▸ **TO DO**
Below is a listing; repeat exactly the lines from the one containing "Crunch Fitness - East Colonial Picture 3" to the one containing "Ένταση και καθυστέρηση", both included.

▸ **SUPPLIED RECORDS**
↓↓↓

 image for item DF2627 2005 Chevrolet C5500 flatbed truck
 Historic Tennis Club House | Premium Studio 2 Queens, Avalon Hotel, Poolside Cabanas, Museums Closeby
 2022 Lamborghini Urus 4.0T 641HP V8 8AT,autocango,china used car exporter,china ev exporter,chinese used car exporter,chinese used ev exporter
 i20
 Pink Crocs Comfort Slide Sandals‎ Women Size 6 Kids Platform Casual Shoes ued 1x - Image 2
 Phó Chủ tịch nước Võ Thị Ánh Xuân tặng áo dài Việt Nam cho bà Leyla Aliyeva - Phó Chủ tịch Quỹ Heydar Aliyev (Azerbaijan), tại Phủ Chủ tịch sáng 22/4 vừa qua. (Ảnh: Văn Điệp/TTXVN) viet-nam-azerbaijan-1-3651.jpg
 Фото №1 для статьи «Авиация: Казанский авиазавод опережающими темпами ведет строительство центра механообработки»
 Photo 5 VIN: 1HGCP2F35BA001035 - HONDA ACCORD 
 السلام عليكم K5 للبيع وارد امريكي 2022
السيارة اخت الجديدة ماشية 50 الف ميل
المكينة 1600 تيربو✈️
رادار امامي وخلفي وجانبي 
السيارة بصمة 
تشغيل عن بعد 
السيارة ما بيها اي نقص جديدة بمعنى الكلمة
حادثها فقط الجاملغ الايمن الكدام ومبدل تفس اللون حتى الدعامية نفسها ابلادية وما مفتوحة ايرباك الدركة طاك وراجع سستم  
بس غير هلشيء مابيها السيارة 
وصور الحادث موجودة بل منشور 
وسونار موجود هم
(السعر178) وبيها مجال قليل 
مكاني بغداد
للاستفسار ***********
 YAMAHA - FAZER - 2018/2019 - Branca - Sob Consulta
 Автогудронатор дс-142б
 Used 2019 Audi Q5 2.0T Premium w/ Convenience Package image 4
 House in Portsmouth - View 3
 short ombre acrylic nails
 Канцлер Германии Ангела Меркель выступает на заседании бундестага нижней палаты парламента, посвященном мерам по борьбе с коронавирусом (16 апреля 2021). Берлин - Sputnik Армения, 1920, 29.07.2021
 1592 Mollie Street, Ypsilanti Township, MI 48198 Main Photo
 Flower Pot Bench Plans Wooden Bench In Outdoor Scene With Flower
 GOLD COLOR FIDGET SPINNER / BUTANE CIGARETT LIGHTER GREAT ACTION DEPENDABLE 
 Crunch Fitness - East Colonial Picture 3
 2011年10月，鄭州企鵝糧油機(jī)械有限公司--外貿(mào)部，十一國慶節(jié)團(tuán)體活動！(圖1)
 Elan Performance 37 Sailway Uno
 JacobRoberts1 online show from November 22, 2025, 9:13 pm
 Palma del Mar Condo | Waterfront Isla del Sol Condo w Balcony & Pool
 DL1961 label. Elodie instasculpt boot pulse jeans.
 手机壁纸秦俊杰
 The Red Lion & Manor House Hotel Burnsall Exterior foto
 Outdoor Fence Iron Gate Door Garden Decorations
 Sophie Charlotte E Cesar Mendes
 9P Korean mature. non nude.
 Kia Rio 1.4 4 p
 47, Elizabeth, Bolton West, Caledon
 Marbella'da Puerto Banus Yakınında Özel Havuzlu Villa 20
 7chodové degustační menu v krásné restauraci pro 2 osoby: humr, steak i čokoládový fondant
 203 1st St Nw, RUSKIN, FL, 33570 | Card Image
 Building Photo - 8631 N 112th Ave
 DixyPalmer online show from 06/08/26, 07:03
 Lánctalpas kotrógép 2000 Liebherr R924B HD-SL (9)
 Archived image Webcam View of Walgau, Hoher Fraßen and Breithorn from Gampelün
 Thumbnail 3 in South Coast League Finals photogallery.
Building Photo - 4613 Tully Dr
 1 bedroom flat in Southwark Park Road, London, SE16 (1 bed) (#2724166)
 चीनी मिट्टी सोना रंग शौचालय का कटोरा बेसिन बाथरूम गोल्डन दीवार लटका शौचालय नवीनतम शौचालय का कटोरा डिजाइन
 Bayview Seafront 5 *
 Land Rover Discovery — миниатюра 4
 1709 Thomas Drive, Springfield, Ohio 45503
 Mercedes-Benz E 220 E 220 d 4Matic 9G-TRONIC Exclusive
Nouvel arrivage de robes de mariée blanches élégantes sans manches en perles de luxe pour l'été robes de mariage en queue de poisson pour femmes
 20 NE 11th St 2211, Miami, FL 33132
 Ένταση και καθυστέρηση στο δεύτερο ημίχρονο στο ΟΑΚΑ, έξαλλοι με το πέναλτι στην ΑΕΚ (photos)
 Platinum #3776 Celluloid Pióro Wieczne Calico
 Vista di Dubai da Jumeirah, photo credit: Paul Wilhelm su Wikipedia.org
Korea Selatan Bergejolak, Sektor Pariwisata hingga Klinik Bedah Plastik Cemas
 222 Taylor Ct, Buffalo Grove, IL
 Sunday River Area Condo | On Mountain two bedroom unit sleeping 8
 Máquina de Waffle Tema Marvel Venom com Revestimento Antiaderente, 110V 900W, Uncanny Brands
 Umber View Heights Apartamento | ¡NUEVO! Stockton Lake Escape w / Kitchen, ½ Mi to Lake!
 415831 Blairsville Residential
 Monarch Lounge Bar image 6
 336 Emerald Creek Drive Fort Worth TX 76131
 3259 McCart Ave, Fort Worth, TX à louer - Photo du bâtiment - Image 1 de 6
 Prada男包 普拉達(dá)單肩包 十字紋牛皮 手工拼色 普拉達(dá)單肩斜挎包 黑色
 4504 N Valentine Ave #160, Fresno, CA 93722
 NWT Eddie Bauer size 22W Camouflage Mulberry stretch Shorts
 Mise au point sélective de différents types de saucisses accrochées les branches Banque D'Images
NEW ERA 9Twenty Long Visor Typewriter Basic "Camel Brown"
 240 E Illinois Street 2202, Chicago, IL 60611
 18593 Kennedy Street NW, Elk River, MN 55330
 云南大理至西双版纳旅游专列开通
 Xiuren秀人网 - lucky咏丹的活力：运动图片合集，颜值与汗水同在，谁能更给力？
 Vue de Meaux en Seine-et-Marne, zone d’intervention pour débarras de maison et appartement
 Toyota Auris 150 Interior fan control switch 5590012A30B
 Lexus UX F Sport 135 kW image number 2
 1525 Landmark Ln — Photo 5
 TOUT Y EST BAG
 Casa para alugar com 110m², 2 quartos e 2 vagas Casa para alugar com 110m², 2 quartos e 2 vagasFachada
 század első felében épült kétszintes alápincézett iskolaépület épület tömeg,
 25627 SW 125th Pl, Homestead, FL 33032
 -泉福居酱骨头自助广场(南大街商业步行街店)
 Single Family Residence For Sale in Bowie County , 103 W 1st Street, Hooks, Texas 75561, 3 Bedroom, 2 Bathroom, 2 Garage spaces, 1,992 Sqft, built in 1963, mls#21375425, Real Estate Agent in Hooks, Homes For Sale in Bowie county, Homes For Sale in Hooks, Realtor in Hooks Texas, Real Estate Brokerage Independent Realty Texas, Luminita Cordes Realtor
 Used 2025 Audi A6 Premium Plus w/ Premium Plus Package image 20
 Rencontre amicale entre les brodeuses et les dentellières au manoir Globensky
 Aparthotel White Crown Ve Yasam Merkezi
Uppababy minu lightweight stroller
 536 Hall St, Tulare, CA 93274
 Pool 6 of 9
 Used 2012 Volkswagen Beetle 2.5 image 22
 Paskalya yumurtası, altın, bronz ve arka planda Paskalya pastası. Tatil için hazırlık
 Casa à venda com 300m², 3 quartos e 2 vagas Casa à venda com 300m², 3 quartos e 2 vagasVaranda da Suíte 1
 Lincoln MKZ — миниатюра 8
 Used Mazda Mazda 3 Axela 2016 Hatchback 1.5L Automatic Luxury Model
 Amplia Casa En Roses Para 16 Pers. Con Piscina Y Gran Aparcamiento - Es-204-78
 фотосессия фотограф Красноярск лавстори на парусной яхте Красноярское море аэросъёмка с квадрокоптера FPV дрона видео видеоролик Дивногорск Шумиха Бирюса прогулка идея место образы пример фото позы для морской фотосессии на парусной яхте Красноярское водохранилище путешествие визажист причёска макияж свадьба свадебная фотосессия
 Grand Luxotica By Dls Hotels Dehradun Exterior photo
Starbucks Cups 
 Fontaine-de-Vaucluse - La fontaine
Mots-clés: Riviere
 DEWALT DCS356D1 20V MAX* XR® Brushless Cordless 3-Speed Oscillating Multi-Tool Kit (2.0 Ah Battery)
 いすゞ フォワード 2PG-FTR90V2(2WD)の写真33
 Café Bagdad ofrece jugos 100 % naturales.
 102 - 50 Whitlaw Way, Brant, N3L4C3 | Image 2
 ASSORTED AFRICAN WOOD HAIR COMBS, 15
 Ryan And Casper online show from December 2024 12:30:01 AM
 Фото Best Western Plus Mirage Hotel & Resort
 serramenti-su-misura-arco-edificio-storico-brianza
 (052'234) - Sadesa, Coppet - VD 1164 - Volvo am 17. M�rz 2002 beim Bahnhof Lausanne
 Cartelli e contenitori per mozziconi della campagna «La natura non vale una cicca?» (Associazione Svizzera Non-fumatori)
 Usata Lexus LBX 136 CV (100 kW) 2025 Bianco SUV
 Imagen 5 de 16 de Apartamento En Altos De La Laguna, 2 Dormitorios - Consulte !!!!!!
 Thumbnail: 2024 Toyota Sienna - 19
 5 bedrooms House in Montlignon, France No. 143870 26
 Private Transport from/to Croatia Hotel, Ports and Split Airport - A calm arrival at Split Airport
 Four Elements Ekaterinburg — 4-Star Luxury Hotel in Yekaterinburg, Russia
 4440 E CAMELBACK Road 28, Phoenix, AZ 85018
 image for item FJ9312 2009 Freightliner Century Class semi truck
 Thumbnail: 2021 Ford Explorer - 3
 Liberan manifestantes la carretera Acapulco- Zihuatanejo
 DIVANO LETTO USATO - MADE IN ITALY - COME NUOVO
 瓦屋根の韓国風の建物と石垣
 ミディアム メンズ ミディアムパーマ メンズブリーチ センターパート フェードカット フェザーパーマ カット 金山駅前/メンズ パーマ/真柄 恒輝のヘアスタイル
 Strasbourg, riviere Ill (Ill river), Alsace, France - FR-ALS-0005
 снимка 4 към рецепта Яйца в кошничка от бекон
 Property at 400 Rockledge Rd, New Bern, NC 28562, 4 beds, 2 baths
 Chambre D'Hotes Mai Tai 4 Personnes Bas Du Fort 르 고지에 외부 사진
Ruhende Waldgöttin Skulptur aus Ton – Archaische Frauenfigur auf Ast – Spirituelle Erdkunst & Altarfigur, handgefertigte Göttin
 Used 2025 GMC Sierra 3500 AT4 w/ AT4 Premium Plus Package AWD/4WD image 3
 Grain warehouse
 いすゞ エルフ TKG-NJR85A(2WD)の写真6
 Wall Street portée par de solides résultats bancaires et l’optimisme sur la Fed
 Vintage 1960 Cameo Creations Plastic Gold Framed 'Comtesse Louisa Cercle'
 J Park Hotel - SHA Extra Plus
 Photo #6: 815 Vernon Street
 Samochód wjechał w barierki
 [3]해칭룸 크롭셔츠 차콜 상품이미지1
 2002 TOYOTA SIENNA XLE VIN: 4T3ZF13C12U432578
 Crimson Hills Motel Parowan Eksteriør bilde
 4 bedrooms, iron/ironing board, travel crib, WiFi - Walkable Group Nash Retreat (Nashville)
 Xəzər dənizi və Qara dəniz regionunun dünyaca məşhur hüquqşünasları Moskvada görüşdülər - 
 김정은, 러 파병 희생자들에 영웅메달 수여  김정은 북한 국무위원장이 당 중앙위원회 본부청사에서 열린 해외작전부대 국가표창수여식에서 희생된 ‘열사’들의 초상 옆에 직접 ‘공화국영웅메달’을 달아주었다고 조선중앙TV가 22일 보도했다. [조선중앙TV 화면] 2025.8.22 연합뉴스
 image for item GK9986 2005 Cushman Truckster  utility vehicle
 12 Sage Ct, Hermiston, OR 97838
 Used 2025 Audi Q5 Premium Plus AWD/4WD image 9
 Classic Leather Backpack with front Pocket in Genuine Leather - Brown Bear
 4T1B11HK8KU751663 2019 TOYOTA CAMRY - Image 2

↑↑↑

▸ **RESPONSE AREA**
 Crunch Fitness - East Colonial Picture 3
 2011年10月，鄭州企鵝糧油機(jī)械有限公司--外貿(mào)部，十一國慶節(jié)團(tuán)體活動！(圖1)
 Elan Performance 37 Sailway Uno
 JacobRoberts1 online show from November 22, 2025, 9:13 pm
 Palma del Mar Condo | Waterfront Isla del Sol Condo w Balcony & Pool
 DL1961 label. Elodie instasculpt boot pulse jeans.
 手机壁纸秦俊杰
 The Red Lion & Manor House Hotel Burnsall Exterior foto
 Outdoor Fence Iron Gate Door Garden Decorations
 Sophie Charlotte E Cesar Mendes
 9P Korean mature. non nude.
 Kia Rio 1.4 4 p
 47, Elizabeth, Bolton West, Caledon
 Marbella'da Puerto Banus Yakınında Özel Havuzlu Villa 20
 7chodové degustační menu v krásné restauraci pro 2 osoby: humr, steak i čokoládový fondant
 203 1st St Nw, RUSKIN, FL, 33570 | Card Image
 Building Photo - 8631 N 112th Ave
 DixyPalmer online show from 06/08/26, 07:03
 Lánctalpas kotrógép 2000 Liebherr R924B HD-SL (9)
 Archived image Webcam View of Walgau, Hoher Fraßen and Breithorn from Gampelün
 Thumbnail 3 in South Coast League Finals photogallery.
Building Photo - 4613 Tully Dr
 1 bedroom flat in Southwark Park Road, London, SE16 (1 bed) (#2724166)
 चीनी मिट्टी सोना रंग शौचालय का कटोरा बेसिन बाथरूम गोल्डन दीवार लटका शौचालय नवीनतम शौचालय का कटोरा डिजाइन
 Bayview Seafront 5 *
 Land Rover Discovery — миниатюра 4
 1709 Thomas Drive, Springfield, Ohio 45503
 Mercedes-Benz E 220 E 220 d 4Matic 9G-TRONIC Exclusive
Nouvel arrivage de robes de mariée blanches élégantes sans manches en perles de luxe pour l'été robes de mariage en queue de poisson pour femmes
 20 NE 11th St 2211, Miami, FL 33132
 Ένταση και καθυστέρηση στο δεύτερο ημίχρονο στο ΟΑΚΑ, έξαλλοι με το πέναλτι στην ΑΕΚ (photos)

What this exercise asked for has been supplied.